• Exercise aim: Reproduce the entries shown below only from the line with "Invitation de baptême florale rose croix" down to the line with "Erros na hora", keeping both end lines and copying each one exactly.
[Opening Given data section]
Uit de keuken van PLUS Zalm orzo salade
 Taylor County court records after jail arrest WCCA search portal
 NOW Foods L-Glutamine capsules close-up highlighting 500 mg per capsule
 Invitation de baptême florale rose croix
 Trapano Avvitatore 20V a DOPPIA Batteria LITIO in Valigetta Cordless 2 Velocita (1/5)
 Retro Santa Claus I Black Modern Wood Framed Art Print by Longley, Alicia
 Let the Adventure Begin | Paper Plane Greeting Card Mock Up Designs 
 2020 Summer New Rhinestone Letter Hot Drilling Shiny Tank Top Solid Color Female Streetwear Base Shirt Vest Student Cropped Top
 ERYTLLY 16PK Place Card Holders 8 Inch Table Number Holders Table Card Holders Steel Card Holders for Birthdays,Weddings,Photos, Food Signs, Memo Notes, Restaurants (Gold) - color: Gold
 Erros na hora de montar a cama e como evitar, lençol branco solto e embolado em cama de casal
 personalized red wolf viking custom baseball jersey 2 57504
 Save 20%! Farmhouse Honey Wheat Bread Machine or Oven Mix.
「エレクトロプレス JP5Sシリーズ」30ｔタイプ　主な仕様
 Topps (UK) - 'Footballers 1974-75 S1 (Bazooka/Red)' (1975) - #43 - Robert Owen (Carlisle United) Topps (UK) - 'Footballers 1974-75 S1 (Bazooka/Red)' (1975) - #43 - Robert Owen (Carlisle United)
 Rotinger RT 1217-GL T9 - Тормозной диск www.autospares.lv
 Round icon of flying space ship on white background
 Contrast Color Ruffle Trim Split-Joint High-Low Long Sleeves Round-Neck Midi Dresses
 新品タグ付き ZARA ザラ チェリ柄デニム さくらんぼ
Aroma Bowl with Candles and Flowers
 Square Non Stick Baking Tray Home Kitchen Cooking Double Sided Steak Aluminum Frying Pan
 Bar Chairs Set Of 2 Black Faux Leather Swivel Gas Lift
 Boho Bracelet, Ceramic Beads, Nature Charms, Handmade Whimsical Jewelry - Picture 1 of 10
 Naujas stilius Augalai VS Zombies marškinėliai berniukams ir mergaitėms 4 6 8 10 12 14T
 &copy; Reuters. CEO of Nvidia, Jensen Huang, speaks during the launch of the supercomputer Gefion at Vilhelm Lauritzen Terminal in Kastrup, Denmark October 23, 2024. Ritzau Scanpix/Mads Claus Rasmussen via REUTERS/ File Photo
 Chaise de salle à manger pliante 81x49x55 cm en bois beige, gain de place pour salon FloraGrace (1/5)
[Closing Given data section]
• Task output:
 Invitation de baptême florale rose croix
 Trapano Avvitatore 20V a DOPPIA Batteria LITIO in Valigetta Cordless 2 Velocita (1/5)
 Retro Santa Claus I Black Modern Wood Framed Art Print by Longley, Alicia
 Let the Adventure Begin | Paper Plane Greeting Card Mock Up Designs 
 2020 Summer New Rhinestone Letter Hot Drilling Shiny Tank Top Solid Color Female Streetwear Base Shirt Vest Student Cropped Top
 ERYTLLY 16PK Place Card Holders 8 Inch Table Number Holders Table Card Holders Steel Card Holders for Birthdays,Weddings,Photos, Food Signs, Memo Notes, Restaurants (Gold) - color: Gold
 Erros na hora de montar a cama e como evitar, lençol branco solto e embolado em cama de casal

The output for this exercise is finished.